▸ Dataset excerpts:
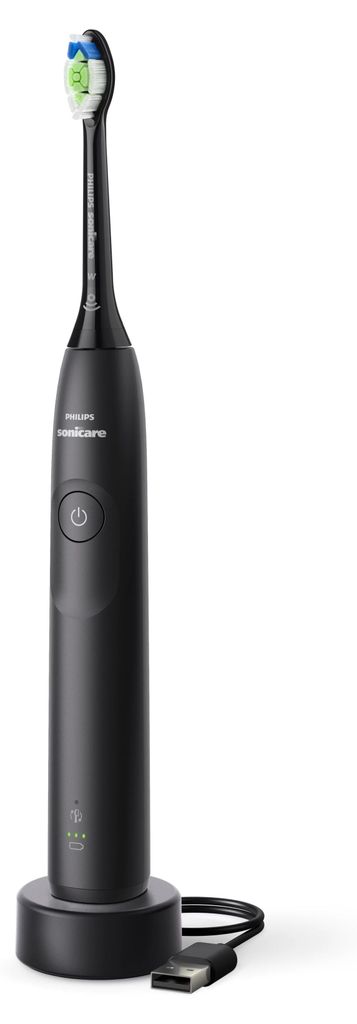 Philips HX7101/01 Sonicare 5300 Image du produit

---

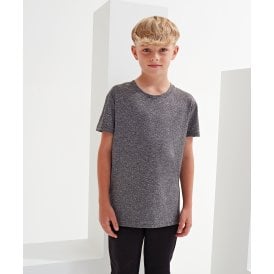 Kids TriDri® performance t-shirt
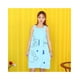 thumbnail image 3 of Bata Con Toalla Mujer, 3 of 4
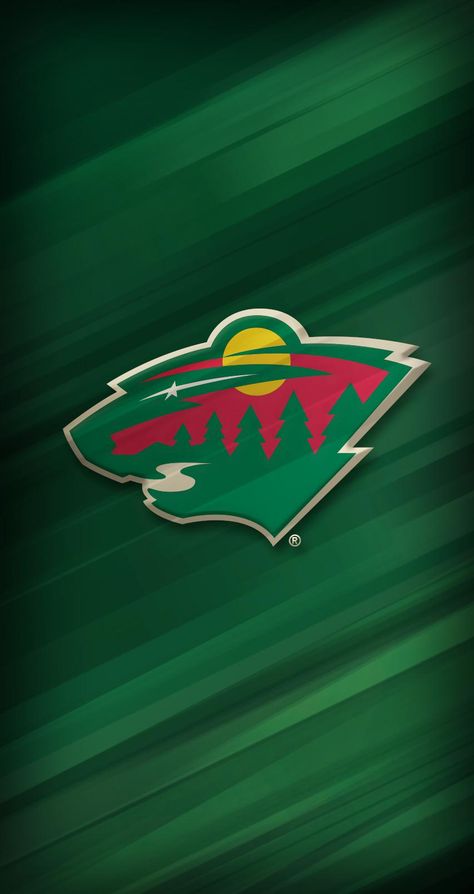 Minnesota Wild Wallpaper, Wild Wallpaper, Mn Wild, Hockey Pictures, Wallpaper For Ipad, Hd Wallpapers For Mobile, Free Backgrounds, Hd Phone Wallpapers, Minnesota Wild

▸ What is needed: Starting with the line that has "thumbnail image 3" and going on through the line that has "Minnesota Wild Wallpaper, Wild", transcribe the records above exactly, but skip the pictures.

▸ Completed task:
 thumbnail image 3 of Bata Con Toalla Mujer, 3 of 4
 Minnesota Wild Wallpaper, Wild Wallpaper, Mn Wild, Hockey Pictures, Wallpaper For Ipad, Hd Wallpapers For Mobile, Free Backgrounds, Hd Phone Wallpapers, Minnesota Wild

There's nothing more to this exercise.